The records |

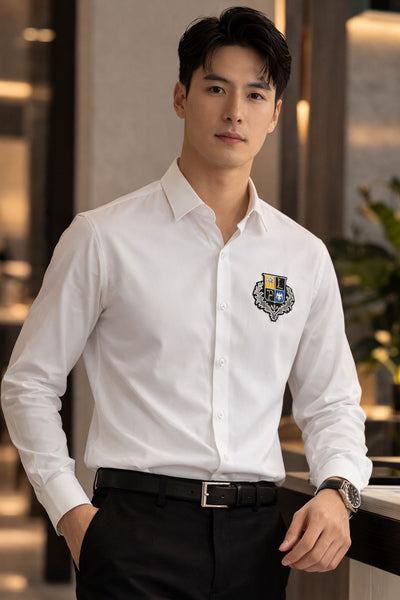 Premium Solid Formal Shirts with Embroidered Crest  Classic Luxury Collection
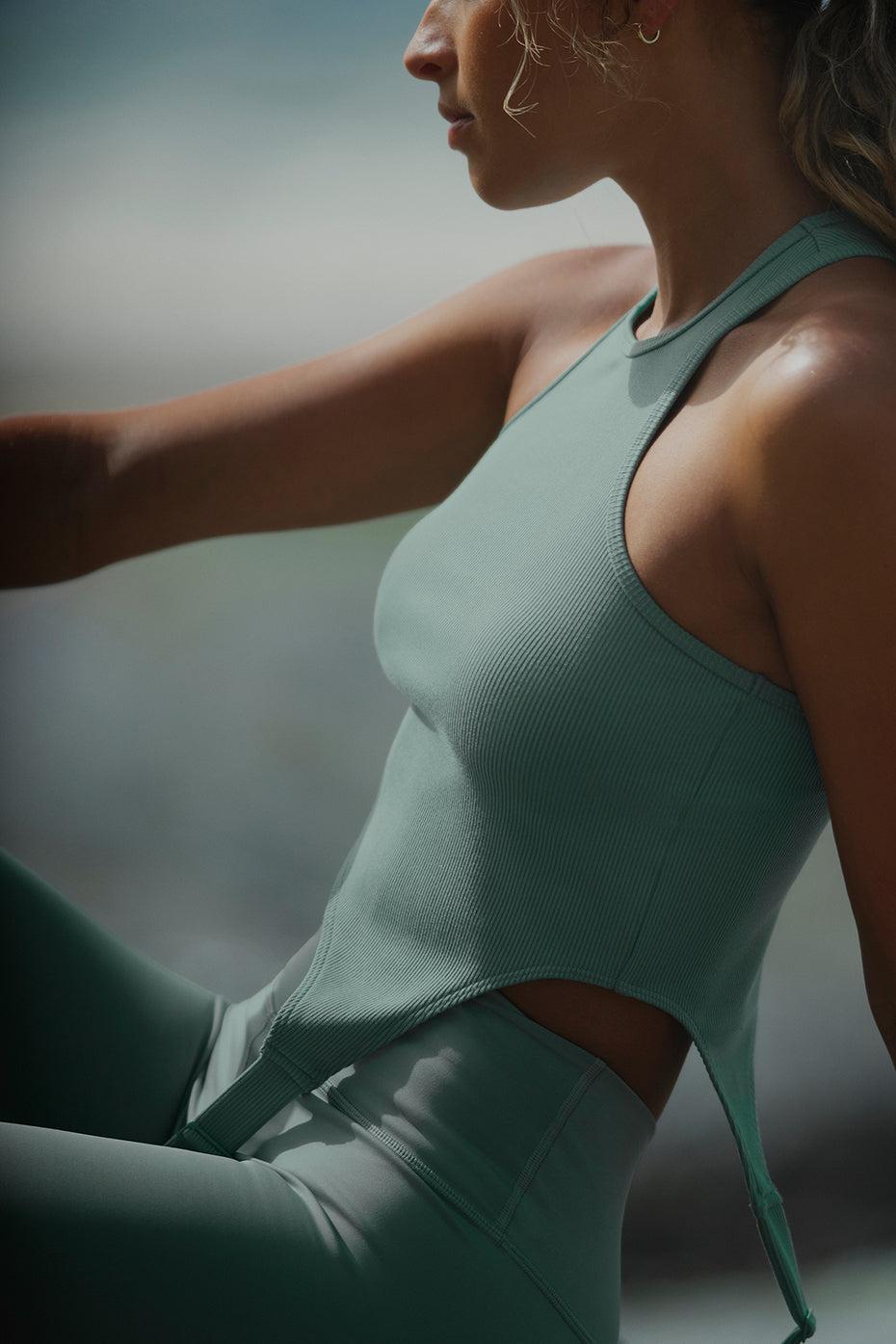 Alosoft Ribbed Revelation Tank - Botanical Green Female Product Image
---
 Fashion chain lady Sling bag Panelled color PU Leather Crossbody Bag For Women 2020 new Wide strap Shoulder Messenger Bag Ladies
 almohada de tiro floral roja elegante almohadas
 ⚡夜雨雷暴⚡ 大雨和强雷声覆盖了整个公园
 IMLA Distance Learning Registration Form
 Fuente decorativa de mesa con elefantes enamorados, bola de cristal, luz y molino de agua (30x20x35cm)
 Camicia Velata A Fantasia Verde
...
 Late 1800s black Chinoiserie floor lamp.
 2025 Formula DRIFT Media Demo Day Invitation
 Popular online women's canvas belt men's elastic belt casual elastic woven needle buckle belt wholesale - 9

Work instruction |
Would you write out exactly the lines above, starting at the line containing "Premium Solid Formal" and stopping after the line containing "Alosoft Ribbed Revelation"? Omit the pictures.

Answer area |
 Premium Solid Formal Shirts with Embroidered Crest  Classic Luxury Collection
 Alosoft Ribbed Revelation Tank - Botanical Green Female Product Image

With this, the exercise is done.